USD/CAD prints mild losses as it extends the late Friday’s pullback from the highest levels in eight days to 1.3730 during Monday’s sluggish Asian session. In doing so, the Loonie pair cheers the US Dollar’s pullback, as well as firmer prices of Canada’s key export earner, namely WTI crude oil.
US Dollar Index (DXY) snaps two-day rebound as it retreats to 103.00 after Minneapolis Fed President Neel Kashkari flags fears of US recession. Also weighing on the greenback could be the US Treasury bond yields’ failure to regain upside momentum.
It’s worth noting that headlines from Bloomberg seemed to have contributed to the risk-on mood and weighed on the US Dollar, allowing USD/CAD to ease. “First Citizens BancShares Inc. is in advanced talks to acquire Silicon Valley Bank after its collapse earlier this month, according to people familiar with the matter,” said Bloomberg.
On the other hand, WTI crude oil rises half a percent intraday to near $69.70 while printing the first daily gains in three. The black gold’s latest gains could be linked to the cautious optimism in the market, as well as the headlines suggesting Russia’s shifting of nuclear weapons near Belarus. “The North Atlantic Treaty Organization (NATO) NATO on Sunday criticized Vladimir Putin for what it called his ‘dangerous and irresponsible’ nuclear rhetoric, a day after the Russian president said he planned to station tactical nuclear weapons in Belarus,” per Reuters.
It should be noted, however, that the mostly upbeat US data and an absence of dovish remarks by the Fed policymakers in the last week seemed to have favored the USD/CAD bulls.

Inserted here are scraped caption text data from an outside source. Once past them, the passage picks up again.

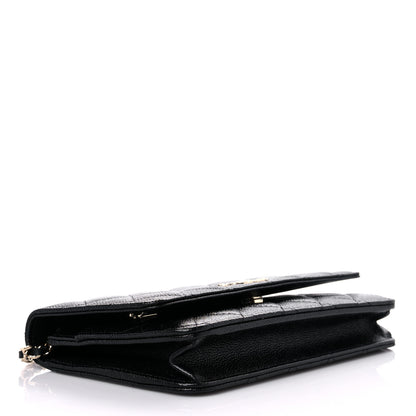Chanel Caviar Quilted Chain CC Wallet On Chain WOC Black 4 of 14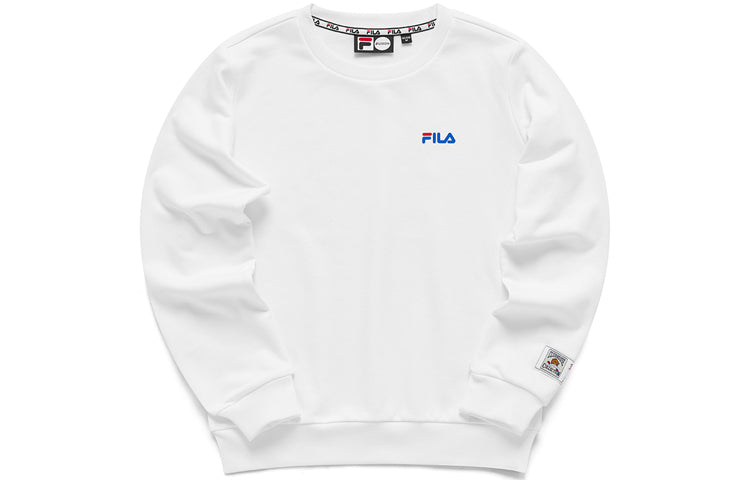 (WMNS) FILA FUSION Logo Printing Sports Round Neck Hoodie White T11W112208F-WT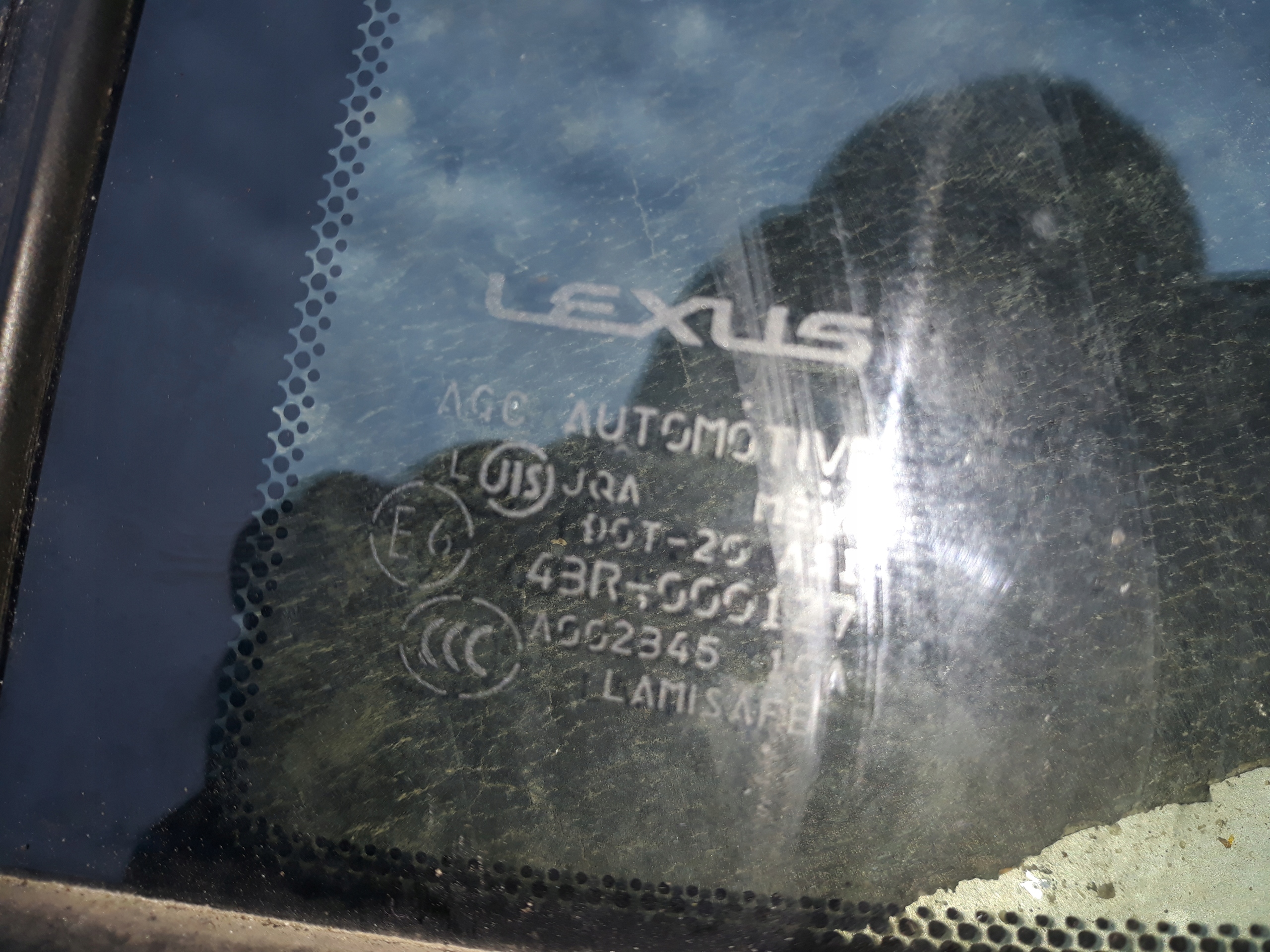 LEXUS LS460 ДЛИННАЯ ДВЕРНАЯ СТЕКЛЯННАЯ ЗАДНЯЯ ЛЕВАЯ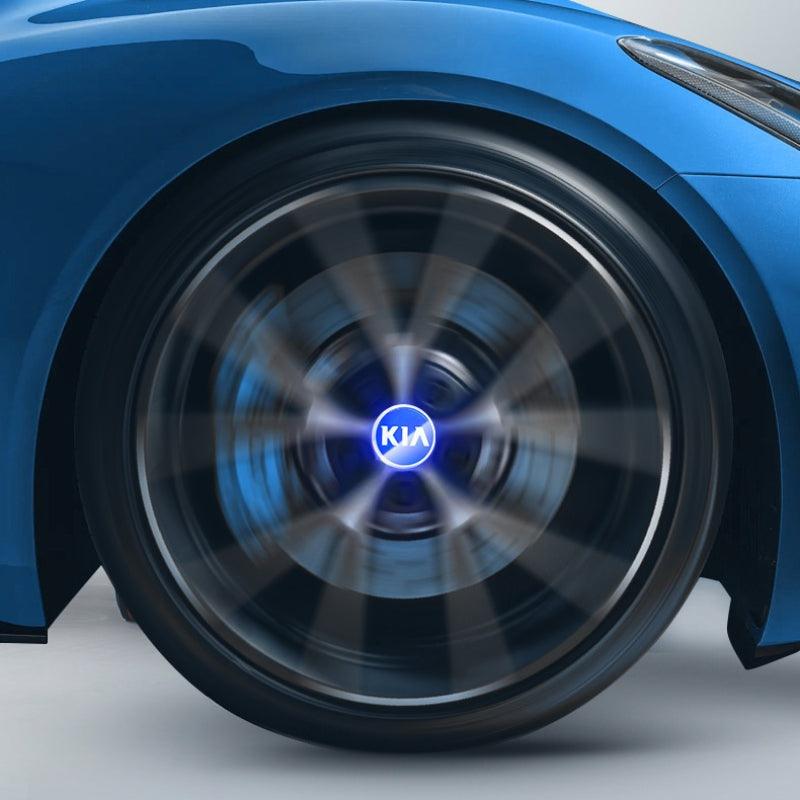 Suitable For KIA Magnetic Suspension Hub Caps & LED Suspension Luminous Wheel Hub Lights - Greetlamp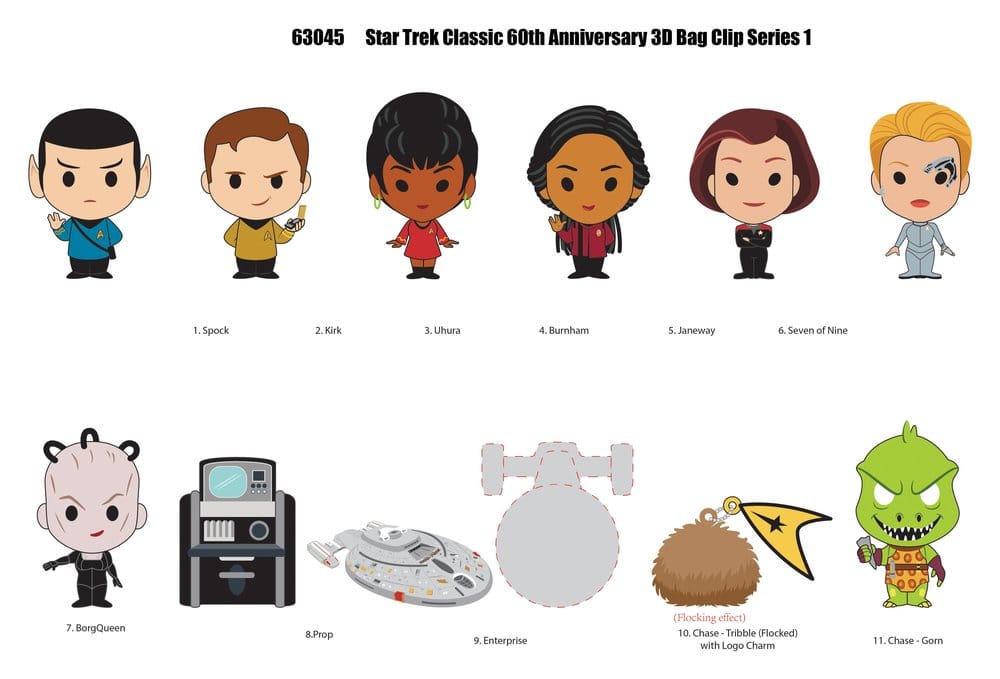 Star Trek 3D PVC-Taschenanhänger Serie 1 Display (24) Image 3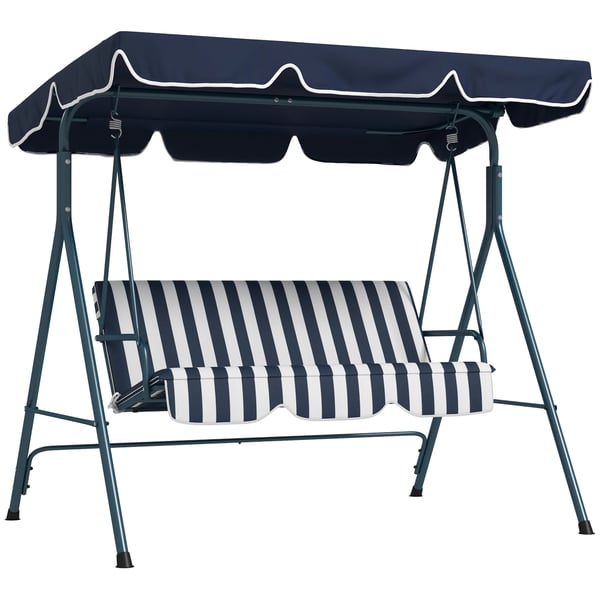Hollywoodgunga Trädgårdsgungsoffa - 3-sits - Utomhusbruk - Montering krävs - 172×110×153 cm - Blårandig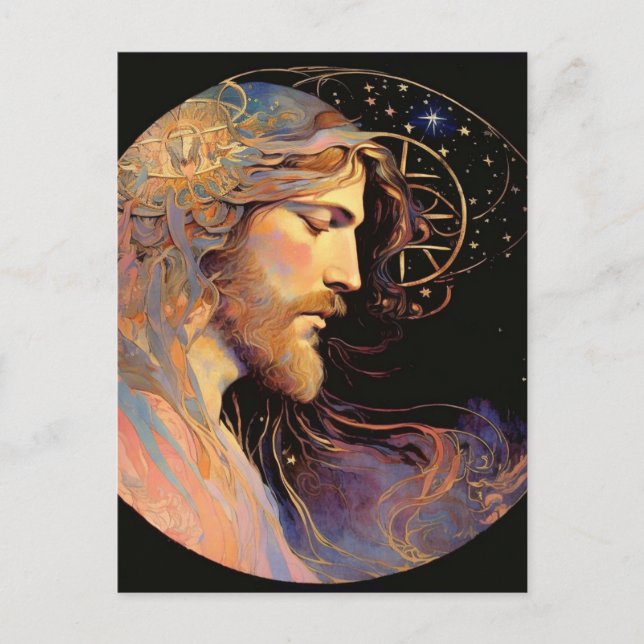 Postal de arte generada por Jesus AI (Anverso)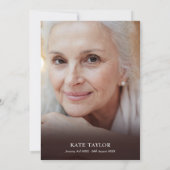 木素朴の葬儀お祝いの写真 招待状 (裏面)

That said, US Durable Goods Orders for February dropped by 1.0% versus January's fall of 5% (revised from -4.5%) and the market expectation for an increase of 0.6%. Details suggested that the figure for Durable Goods Orders ex Defense and ex Transportation were also downbeat but Nondefense Capital Goods Orders ex Aircraft came in firmer-than-expected 0.0% to 0.2%, versus 0.3% prior. Moving on, the preliminary readings of the US S&P Global PMIs for March came in firmer as the Manufacturing gauge rose to 49.3 from 47.3 in February, versus 47.0 expected, while Services PMI rose to 53.8 from 50.6 prior and 50.5 expected. With this, the S&P Global's Composite PMI increased to 53.3 from 50.1 in February, versus 50.1 market forecasts.
Following the data, Atlanta Fed President Raphael Bostic told NPR that it was not an easy decision to raise the policy rate while also adding that he is not expecting the economy to fall into recession. Further, St. Louis Federal Reserve President James Bullard, a policy hawk, said on Friday that the response to the bank stress was swift and appropriate, allowing the monetary policy to focus on inflation, per Reuters. The policymaker also added that the projections suggest one more rate hike that could be at the next FOMC meeting or soon after.
Against this backdrop, S&P 500 Futures trace Wall Street’s mild closing while the US Treasury bond yields remain pressured.
Looking ahead, Fed talks and second-tier US data may entertain DXY traders ahead of the Fed’s preferred inflation gauge, namely the Core Personals Consumption Expenditure (PCE) Price Index. Should the inflation numbers print strong outcomes, the greenback has scope for recovery.
Unless dropping back below the two-week-old previous resistance line, around 1.3685 by the press time, USD/CAD remains on the bull’s radar.